- Exercise:
Please give back word for word the lines of the material below between the line containing "an empty room with a ceiling fan and window" and the line containing "Smiths Falls Town Hall 2025", inclusive.

- Record extracts:
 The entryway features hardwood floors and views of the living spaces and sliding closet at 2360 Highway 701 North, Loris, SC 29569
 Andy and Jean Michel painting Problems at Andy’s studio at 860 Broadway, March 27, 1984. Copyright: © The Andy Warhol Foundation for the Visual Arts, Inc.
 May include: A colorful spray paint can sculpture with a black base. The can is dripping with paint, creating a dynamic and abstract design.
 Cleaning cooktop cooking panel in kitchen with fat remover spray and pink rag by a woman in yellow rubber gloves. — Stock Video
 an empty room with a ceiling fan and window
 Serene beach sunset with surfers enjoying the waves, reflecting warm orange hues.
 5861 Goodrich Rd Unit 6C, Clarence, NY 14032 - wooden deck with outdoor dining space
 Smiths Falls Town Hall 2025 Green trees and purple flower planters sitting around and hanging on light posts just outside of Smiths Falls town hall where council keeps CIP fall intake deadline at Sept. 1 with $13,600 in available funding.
--
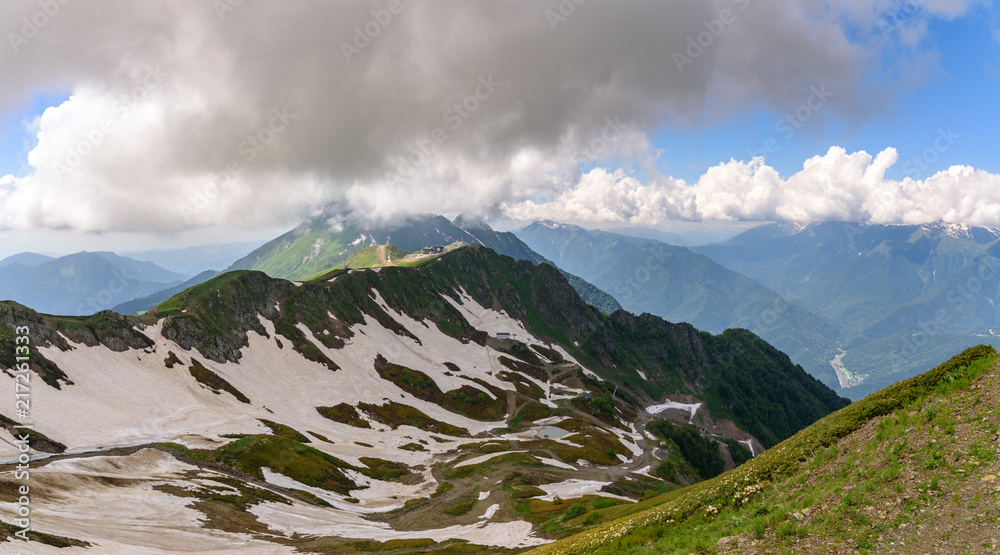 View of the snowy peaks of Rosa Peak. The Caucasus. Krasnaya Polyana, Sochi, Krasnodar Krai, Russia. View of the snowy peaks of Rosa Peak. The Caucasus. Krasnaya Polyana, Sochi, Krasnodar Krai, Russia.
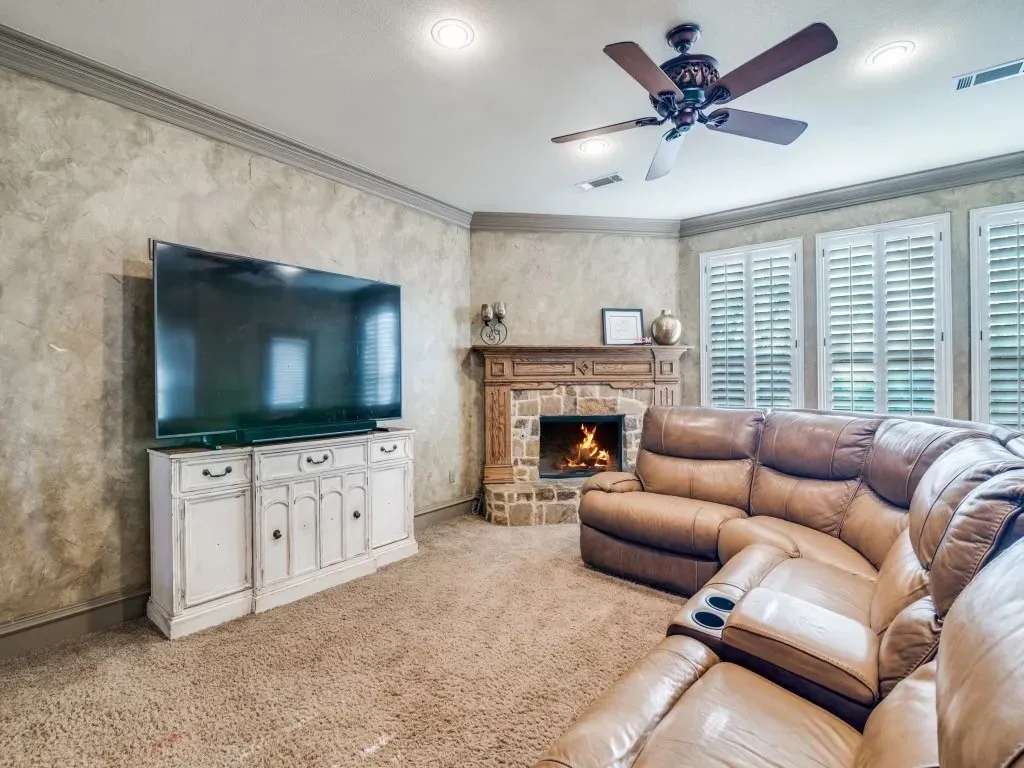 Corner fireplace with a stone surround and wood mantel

- Response below:
 an empty room with a ceiling fan and window
 Serene beach sunset with surfers enjoying the waves, reflecting warm orange hues.
 5861 Goodrich Rd Unit 6C, Clarence, NY 14032 - wooden deck with outdoor dining space
 Smiths Falls Town Hall 2025 Green trees and purple flower planters sitting around and hanging on light posts just outside of Smiths Falls town hall where council keeps CIP fall intake deadline at Sept. 1 with $13,600 in available funding.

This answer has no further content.